WHAT YOU WILL DO >> Starting at the line containing "Blasting some farts during yoga 🤭" and ending at the line containing "BMW X3 E83 Power steering pump 3450765", transcribe the listing below exactly. Keep both end lines, skip the pictures, and copy nothing else.

THE RECORDS >>
····················
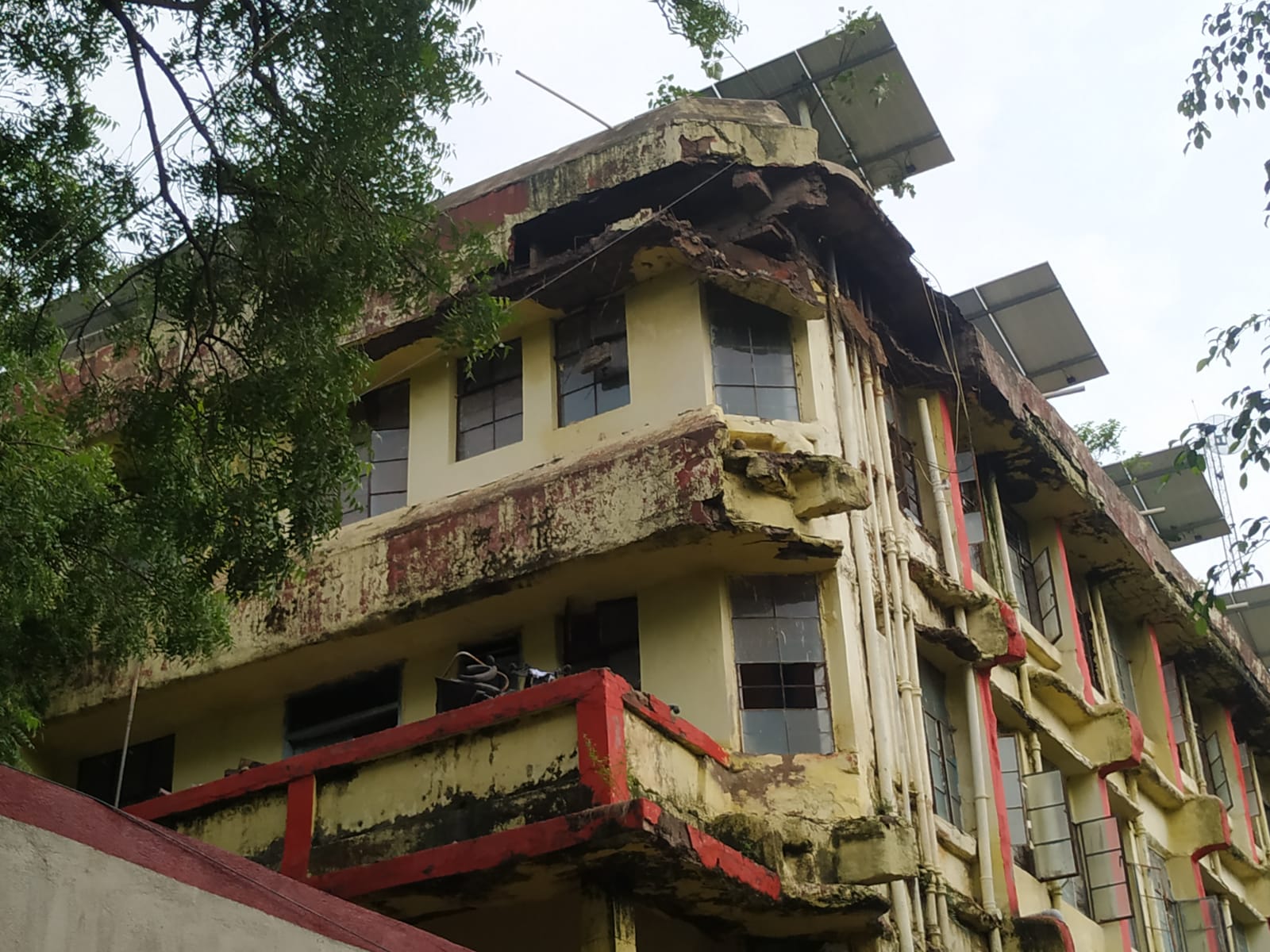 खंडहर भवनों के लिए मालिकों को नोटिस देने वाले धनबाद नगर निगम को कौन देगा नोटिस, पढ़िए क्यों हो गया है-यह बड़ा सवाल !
····················
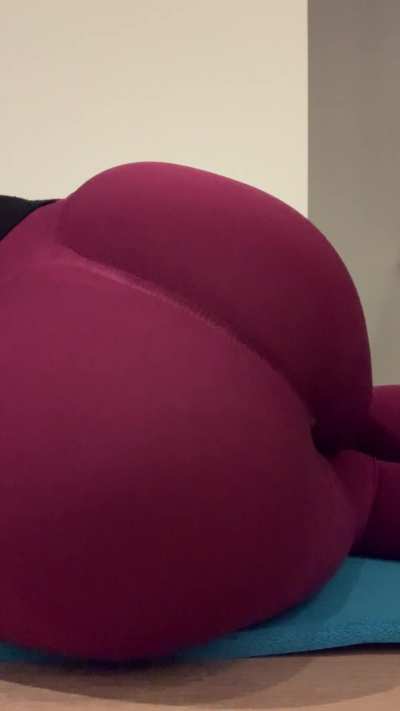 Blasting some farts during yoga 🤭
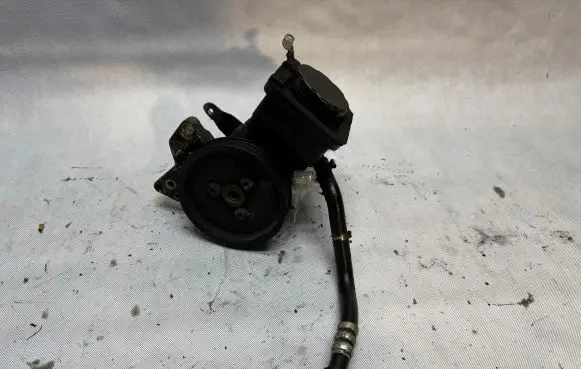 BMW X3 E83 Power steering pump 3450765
····················
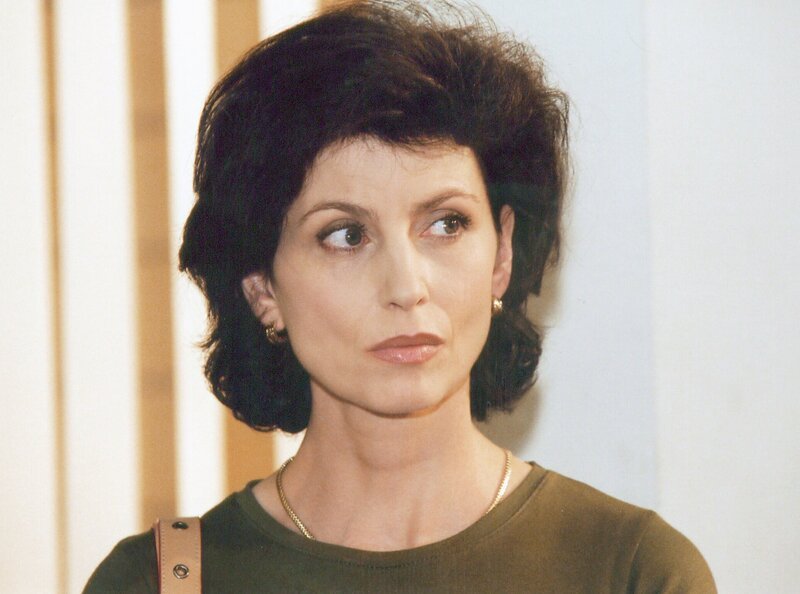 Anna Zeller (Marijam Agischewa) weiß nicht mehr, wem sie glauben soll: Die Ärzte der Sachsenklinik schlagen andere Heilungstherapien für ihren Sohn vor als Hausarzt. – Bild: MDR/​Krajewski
····················
RESULT >>
 Blasting some farts during yoga 🤭
 BMW X3 E83 Power steering pump 3450765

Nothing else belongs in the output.